On the very last day of the 2018 legislative session, at 4:35 in the afternoon, nine members of a conference committee met in the Capitol. Within 26 minutes, they approved an entirely new bill that packaged together $825 million in traditional bonding projects, trunk highway funds — and $45 million in projects to protect our air, water and land.
It also included a raid of the Environment and Natural Resources Trust Fund to pay for $98 million in infrastructure and bonding projects that didn't fit into the self-imposed $825 million general bonding bill target. In order to fund extra projects, while still sticking to their public target, legislators turned to another riskier and more expensive form of bonds not backed by the full faith and credit of the state: appropriation bonds.
No public testimony was taken.
In 1988, voters passed an amendment to Minnesota's Constitution dedicating some of the proceeds of the state lottery to the conservation of our state's habitat, water and natural resources.
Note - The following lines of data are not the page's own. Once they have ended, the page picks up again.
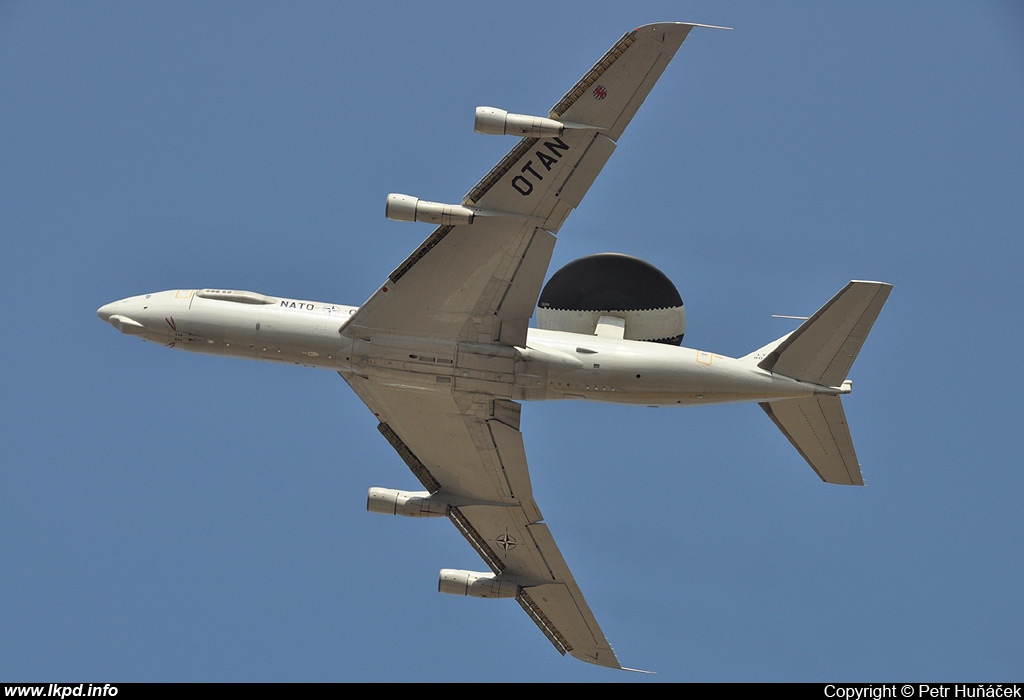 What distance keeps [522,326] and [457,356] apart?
2.60 metres

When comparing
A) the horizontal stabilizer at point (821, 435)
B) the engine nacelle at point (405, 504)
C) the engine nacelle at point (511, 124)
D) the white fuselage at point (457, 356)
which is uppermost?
the engine nacelle at point (511, 124)

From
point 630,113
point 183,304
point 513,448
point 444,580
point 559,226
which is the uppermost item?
point 630,113

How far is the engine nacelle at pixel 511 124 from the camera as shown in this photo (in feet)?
129

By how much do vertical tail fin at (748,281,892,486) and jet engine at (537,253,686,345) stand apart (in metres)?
4.06

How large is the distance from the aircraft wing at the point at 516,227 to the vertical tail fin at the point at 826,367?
30.1ft

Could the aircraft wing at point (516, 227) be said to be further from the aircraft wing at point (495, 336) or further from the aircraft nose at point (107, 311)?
the aircraft nose at point (107, 311)

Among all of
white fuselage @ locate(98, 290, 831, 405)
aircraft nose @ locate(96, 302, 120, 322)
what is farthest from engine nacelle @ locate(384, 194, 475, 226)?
aircraft nose @ locate(96, 302, 120, 322)

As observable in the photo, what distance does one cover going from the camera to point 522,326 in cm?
4328

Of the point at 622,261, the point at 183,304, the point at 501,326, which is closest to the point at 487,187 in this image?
the point at 501,326

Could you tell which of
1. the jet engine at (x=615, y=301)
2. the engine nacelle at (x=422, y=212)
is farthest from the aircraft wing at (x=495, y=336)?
the jet engine at (x=615, y=301)

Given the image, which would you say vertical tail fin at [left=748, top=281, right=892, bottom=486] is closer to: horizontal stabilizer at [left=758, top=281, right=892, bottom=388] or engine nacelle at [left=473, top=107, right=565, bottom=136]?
horizontal stabilizer at [left=758, top=281, right=892, bottom=388]

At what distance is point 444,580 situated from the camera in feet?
163

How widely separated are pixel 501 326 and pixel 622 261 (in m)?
6.53

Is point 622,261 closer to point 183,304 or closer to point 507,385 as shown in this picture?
point 507,385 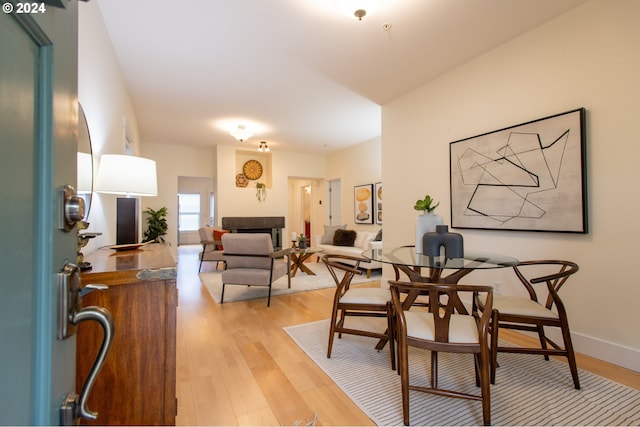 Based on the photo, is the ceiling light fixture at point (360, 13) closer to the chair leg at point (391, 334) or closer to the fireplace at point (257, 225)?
the chair leg at point (391, 334)

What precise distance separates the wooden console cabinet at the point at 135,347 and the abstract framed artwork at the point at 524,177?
2783 mm

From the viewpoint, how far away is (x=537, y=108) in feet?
8.39

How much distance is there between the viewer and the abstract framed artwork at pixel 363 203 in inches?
251

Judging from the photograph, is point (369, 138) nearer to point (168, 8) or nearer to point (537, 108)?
point (537, 108)

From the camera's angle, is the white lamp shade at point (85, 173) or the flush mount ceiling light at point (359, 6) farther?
the flush mount ceiling light at point (359, 6)

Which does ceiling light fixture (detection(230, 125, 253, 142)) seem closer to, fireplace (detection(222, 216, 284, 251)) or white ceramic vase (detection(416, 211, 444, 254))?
fireplace (detection(222, 216, 284, 251))

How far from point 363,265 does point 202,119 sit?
12.0ft

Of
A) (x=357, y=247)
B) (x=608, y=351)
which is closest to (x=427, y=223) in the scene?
(x=608, y=351)

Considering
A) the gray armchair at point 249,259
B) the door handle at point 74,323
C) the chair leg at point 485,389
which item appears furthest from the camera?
the gray armchair at point 249,259

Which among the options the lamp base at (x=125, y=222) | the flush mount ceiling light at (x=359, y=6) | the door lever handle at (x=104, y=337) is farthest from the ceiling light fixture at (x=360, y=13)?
the lamp base at (x=125, y=222)

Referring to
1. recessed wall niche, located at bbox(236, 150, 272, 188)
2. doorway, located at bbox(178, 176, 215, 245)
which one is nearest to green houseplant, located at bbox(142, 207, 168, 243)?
recessed wall niche, located at bbox(236, 150, 272, 188)

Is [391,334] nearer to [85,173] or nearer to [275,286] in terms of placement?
[85,173]

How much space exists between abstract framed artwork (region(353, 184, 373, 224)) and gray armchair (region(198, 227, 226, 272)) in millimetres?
3026

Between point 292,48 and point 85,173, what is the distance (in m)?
2.08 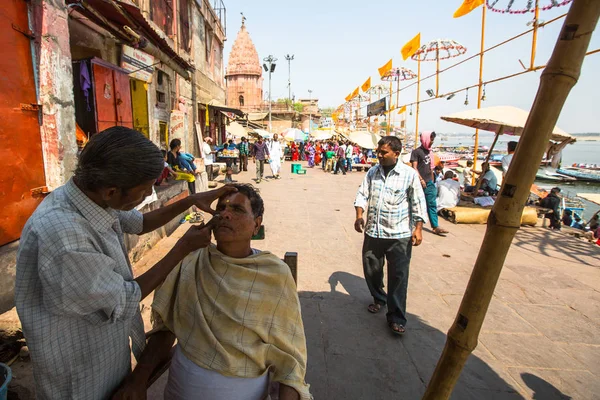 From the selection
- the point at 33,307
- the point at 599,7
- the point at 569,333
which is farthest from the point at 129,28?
the point at 569,333

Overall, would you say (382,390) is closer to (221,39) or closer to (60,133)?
(60,133)

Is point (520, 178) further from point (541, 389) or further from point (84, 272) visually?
point (541, 389)

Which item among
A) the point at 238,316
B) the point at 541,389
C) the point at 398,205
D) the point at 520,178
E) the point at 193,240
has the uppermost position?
the point at 520,178

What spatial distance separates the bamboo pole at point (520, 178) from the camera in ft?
3.35

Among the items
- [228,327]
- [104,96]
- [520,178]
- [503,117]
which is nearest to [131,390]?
[228,327]

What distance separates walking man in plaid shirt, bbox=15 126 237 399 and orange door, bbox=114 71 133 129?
630 cm

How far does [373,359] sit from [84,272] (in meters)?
2.41

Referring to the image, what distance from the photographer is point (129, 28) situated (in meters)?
4.71

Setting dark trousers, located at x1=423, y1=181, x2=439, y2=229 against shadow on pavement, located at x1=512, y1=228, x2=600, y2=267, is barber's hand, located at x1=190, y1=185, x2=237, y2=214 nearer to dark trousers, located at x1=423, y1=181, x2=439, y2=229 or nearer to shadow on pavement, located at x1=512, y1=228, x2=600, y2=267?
dark trousers, located at x1=423, y1=181, x2=439, y2=229

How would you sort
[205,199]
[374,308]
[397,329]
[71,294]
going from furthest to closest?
1. [374,308]
2. [397,329]
3. [205,199]
4. [71,294]

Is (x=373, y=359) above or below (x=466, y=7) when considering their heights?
below

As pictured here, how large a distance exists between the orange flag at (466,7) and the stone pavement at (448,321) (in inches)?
236

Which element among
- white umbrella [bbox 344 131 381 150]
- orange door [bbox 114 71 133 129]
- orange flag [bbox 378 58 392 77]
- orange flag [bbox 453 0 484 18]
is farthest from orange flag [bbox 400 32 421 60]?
orange door [bbox 114 71 133 129]

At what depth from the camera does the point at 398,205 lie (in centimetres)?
322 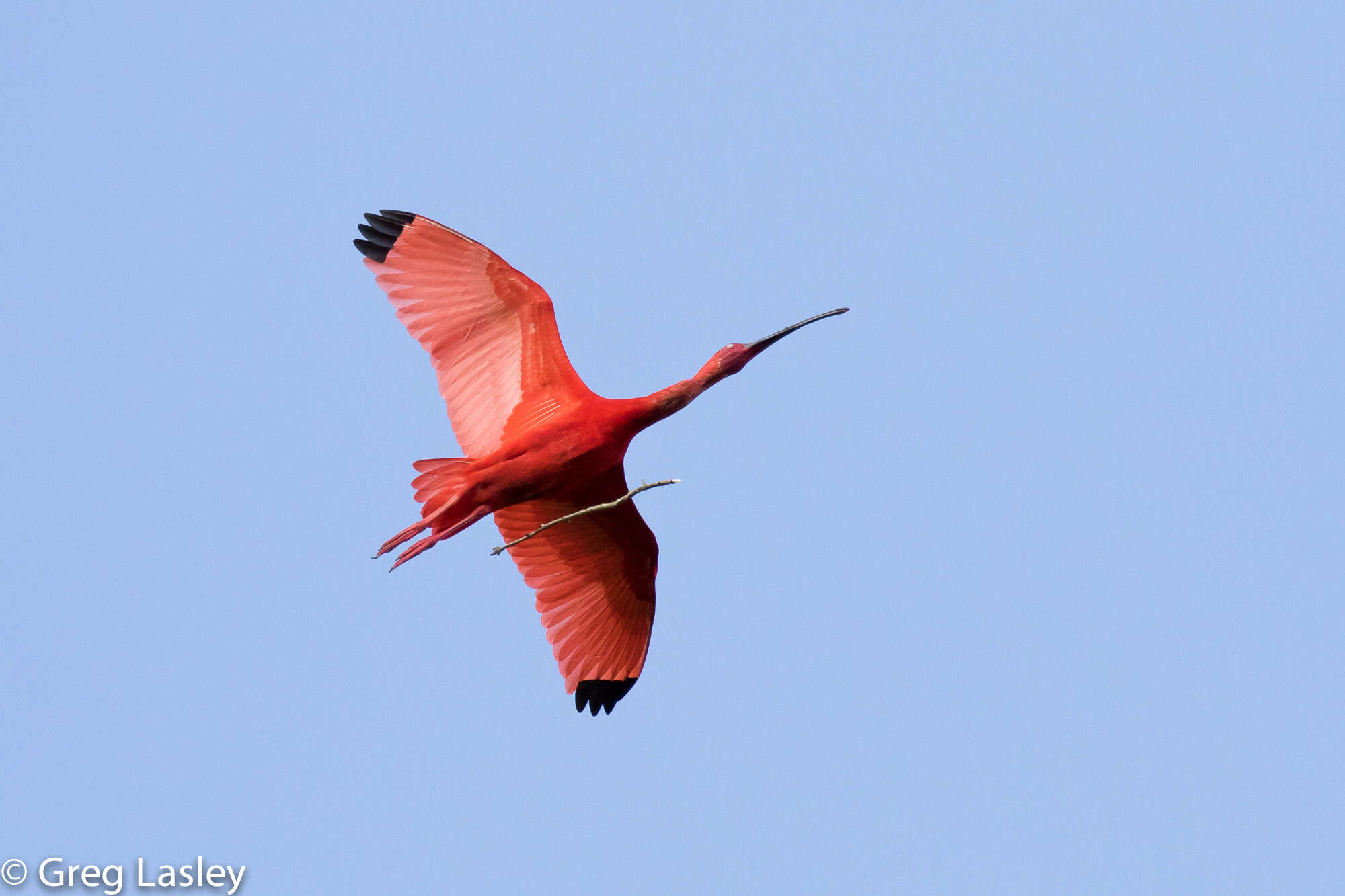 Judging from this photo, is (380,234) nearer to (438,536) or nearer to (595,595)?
(438,536)

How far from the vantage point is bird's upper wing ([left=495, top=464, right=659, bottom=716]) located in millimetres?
15086

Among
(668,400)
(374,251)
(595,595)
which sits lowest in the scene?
(595,595)

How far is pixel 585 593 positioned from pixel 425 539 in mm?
2351

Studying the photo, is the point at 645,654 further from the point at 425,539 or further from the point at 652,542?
the point at 425,539

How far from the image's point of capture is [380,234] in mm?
14109

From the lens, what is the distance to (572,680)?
15.2 metres


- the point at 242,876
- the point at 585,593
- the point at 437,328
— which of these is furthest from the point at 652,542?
the point at 242,876

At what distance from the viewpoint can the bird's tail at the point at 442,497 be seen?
13430 mm

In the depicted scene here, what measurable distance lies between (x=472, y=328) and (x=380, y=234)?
45.8 inches

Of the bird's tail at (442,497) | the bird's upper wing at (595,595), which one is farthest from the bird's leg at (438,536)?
the bird's upper wing at (595,595)

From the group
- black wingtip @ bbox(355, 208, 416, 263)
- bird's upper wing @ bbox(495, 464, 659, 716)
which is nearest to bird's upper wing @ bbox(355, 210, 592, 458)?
black wingtip @ bbox(355, 208, 416, 263)

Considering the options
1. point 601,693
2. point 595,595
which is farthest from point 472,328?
point 601,693

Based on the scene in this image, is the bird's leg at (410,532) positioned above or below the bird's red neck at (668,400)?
below

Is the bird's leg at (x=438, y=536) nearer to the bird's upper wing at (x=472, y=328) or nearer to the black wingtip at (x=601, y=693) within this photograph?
the bird's upper wing at (x=472, y=328) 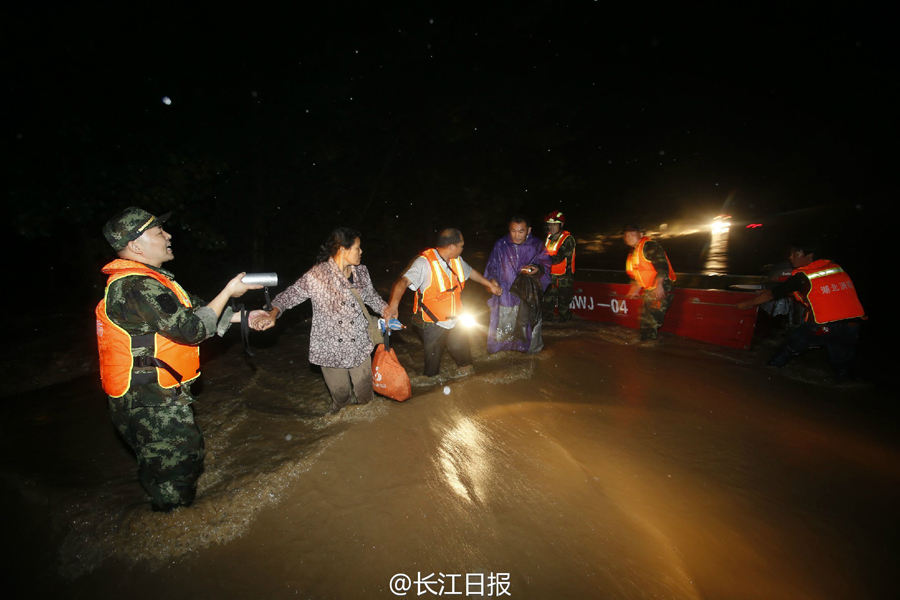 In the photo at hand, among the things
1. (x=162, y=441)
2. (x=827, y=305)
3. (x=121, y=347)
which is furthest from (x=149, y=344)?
(x=827, y=305)

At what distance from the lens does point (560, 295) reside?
7.55 metres

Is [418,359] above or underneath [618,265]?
underneath

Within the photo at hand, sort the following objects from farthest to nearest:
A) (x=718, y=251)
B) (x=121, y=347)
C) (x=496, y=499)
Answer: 1. (x=718, y=251)
2. (x=496, y=499)
3. (x=121, y=347)

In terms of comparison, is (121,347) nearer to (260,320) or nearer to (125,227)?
(125,227)

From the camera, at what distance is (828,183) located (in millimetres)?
13297

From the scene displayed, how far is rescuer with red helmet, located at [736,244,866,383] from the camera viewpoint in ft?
14.9

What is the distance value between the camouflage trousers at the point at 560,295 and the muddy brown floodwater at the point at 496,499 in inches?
111

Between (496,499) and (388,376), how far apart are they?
1.67 meters

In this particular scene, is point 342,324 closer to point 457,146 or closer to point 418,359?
point 418,359

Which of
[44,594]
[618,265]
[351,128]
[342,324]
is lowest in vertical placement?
[44,594]

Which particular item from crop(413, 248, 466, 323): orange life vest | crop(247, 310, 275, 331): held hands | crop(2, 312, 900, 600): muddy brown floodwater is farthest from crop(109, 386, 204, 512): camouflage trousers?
crop(413, 248, 466, 323): orange life vest

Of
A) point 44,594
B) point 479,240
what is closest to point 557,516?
point 44,594

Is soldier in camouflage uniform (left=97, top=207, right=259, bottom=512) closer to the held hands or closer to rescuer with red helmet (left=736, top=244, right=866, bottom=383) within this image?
the held hands

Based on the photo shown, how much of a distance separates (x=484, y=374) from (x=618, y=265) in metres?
12.4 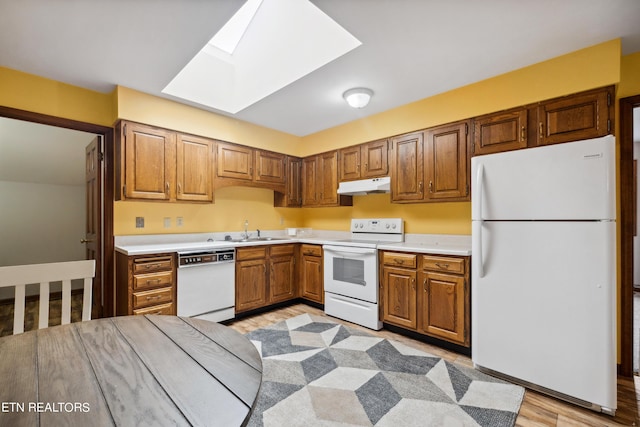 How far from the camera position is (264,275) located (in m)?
3.62

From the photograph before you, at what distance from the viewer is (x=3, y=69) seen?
2.50m

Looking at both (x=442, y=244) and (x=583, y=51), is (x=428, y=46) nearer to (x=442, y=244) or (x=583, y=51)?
(x=583, y=51)

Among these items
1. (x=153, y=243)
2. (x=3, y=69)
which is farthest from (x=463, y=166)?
(x=3, y=69)

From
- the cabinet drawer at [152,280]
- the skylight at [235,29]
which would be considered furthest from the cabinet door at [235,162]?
the cabinet drawer at [152,280]

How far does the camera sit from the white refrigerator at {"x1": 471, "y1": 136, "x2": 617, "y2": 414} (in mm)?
1796

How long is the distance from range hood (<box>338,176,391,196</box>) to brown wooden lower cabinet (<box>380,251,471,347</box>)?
0.79 meters

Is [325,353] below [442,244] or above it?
below

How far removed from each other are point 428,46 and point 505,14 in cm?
50

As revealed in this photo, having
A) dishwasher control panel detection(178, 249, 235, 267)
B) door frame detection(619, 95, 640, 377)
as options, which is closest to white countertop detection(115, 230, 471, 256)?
dishwasher control panel detection(178, 249, 235, 267)

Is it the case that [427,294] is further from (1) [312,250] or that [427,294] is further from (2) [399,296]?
(1) [312,250]

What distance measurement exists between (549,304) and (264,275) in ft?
9.18

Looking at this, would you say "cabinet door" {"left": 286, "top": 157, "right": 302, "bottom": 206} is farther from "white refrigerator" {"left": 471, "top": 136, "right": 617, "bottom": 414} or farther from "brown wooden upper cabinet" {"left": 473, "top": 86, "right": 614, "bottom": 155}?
"white refrigerator" {"left": 471, "top": 136, "right": 617, "bottom": 414}

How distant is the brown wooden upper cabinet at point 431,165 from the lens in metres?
2.86

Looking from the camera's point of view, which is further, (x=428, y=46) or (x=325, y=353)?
(x=325, y=353) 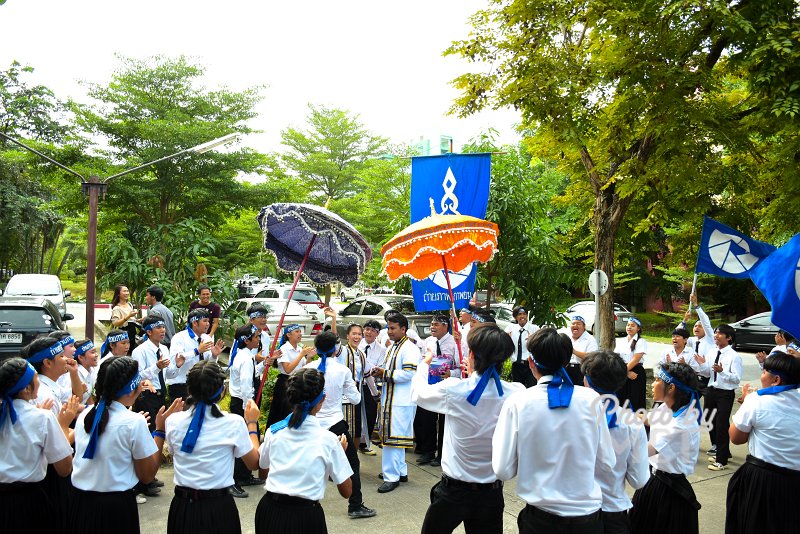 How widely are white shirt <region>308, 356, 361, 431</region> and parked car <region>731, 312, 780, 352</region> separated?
17.0 m

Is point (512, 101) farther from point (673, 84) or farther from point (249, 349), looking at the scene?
point (249, 349)

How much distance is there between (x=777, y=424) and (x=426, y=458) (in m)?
4.37

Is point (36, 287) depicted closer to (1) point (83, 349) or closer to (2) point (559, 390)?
(1) point (83, 349)

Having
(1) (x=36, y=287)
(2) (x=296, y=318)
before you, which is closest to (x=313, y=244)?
(2) (x=296, y=318)

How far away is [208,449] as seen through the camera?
3500 millimetres

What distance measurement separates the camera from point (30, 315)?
34.8 ft

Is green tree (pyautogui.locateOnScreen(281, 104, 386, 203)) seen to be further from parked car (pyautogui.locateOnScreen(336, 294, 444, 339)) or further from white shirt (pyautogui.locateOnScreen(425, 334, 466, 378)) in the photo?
white shirt (pyautogui.locateOnScreen(425, 334, 466, 378))

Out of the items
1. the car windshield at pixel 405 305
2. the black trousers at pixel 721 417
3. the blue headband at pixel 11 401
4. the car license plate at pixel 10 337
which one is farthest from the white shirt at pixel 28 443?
the car windshield at pixel 405 305

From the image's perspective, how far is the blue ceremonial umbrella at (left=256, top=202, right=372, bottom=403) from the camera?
20.1ft

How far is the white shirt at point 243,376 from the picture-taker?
6406 millimetres

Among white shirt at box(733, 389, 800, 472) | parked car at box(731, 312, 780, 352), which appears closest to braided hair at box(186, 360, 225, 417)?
white shirt at box(733, 389, 800, 472)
It expressed voters' desire for an additional, stable, pay-as-you-go source of funding for the innovation, research, protection and education projects needed to protect our natural resources — and ultimately ourselves — into the future. It has twice been extended with overwhelming voter support.
Over the last 30 years, the trust has funded over 2,000 projects that tackle issues critical to Minnesota's quality of life, including control of the common carp, protecting water quality and habitat, enhancing parks and trails, and advancements in our clean energy economy. Approximately $45 million a year has been directed to projects selected by a committee of citizens and legislators.
This year's raid will divert $7.84 million — or nearly one-eighth — of the available trust funds each year for the next 20 years. Not to fund innovation or resource protections that hold promise for the future — but to pay for a single year's worth of the bread-and-butter work of government.
Even worse, the raid uses a financing mechanism (appropriation bonds) with a higher interest rate than normal bonds. These projects are estimated to incur $66 million in interest — $35 million more than with traditional bonds.
The bill didn't reappear until the last hour of the session, when it quickly passed. In the midst of voting on thousands of pages of other legislation, many legislators didn't know — and couldn't know — what was in this bill or have time to weigh its implications or insist on changes. Many reluctantly voted yes, not wanting to scrap a bonding bill that funded important projects across the state.